Birçoğumuz kendimize hep şu soruyu sorarız; neden yaşıyoruz? Ya da ne için yaşıyoruz? Aslında cevap basit ve tektir.
Mutlu olmak için birçoğumuz da sürekli mutluluğu ararız. Bunun için eğlenceli arkadaşlar ediniriz, barlara eğlenmeye gideriz, bizi mutlu edeceğini düşündüğümüz filmleri izler, kitapları okuruz. Hatta mutsuzluğumuzu bazen fiziksel özelliklerimizle bağdaştırırız. Sivilceli olmamız, kilolu olmamız bizim mutlu olmamıza engeldir. Okuduğumuz bölüm, yaptığımız meslek, ilişki durumlarımız… Yaşadığımız coğrafyadan tutun, odamızın duvarının rengi bile bizi mutsuz edecek sebeplerden biridir. Daha bir çok neden sayabilirim size. Peki mutsuzluk için bu kadar çok neden varken bunları mutluluğa çeviremez miyiz?

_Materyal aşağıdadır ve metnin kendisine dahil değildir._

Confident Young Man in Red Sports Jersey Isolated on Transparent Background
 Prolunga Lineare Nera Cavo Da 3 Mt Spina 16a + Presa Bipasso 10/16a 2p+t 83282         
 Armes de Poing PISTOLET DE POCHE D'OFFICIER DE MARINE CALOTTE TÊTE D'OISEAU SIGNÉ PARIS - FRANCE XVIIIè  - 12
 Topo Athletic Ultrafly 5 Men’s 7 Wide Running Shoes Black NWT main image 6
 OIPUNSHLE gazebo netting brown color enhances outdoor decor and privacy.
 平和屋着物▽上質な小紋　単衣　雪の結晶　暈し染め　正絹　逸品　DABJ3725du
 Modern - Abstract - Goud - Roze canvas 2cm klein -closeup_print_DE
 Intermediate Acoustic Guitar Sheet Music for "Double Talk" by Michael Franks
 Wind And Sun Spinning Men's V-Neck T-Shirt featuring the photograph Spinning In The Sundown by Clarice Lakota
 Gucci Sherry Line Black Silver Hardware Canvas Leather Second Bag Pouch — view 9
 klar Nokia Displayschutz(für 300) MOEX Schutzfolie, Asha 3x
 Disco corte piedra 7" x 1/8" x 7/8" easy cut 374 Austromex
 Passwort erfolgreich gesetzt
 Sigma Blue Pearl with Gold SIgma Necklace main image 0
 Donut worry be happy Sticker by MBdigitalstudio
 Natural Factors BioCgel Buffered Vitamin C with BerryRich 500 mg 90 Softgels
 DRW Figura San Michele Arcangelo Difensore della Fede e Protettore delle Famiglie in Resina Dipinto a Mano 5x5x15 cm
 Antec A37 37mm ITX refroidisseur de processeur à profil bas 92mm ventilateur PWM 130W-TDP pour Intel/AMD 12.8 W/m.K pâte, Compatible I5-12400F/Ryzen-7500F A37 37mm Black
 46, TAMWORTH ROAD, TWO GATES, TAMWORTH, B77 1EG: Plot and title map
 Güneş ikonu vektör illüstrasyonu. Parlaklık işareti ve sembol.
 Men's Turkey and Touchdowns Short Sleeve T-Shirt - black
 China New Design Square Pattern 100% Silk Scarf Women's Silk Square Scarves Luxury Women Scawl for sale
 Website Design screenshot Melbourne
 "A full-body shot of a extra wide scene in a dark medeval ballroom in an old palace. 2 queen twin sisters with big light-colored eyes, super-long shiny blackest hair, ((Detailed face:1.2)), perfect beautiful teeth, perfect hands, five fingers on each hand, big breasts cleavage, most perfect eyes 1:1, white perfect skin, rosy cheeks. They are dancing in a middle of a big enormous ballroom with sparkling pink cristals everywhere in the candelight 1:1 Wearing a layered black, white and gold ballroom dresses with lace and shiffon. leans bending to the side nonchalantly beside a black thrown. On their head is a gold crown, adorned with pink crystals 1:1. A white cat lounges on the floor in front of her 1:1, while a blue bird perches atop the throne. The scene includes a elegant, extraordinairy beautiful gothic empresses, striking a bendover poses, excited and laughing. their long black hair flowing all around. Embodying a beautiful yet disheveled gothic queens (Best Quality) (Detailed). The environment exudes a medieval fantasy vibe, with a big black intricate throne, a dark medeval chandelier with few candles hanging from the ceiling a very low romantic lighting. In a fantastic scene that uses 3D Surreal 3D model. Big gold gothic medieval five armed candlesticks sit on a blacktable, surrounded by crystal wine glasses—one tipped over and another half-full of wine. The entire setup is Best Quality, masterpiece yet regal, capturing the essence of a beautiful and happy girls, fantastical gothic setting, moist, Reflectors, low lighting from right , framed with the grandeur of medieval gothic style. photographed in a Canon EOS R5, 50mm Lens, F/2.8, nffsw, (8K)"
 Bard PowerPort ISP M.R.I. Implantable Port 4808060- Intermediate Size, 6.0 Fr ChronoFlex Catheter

Çeviririz tabii ki. Bunun için de birçok şey yaparız. Fazla kilolarımızdan kurtuluruz mesela, yolunda gitmeyen bir ilişkimiz varsa buna son veririz, yaşadığımız çevreyi değiştiririz vb. Peki bunların sonunda artık mutlu muyuzdur sizce? Ne yazık ki hayır.
Değişim bedenimizde ya da bulunduğumuz çevrede değildir. İnsan aklını mutluluğa hazırladığı kadar mutlu olur. Demek istediğim şey; mutsuz olmamız çevremizden, bedenimizden kaynaklı bir durum değildir. Biz kendimiz için bir şeyler yapmak istiyorsak eğer, hiçbir şey göründüğü kadar zor değildir. Her şey beklediğinden daha kazançlıdır. Bir şeyin iyi gitme ihtimali varsa, bu olabilecek en iyi anda gerçekleşecektir.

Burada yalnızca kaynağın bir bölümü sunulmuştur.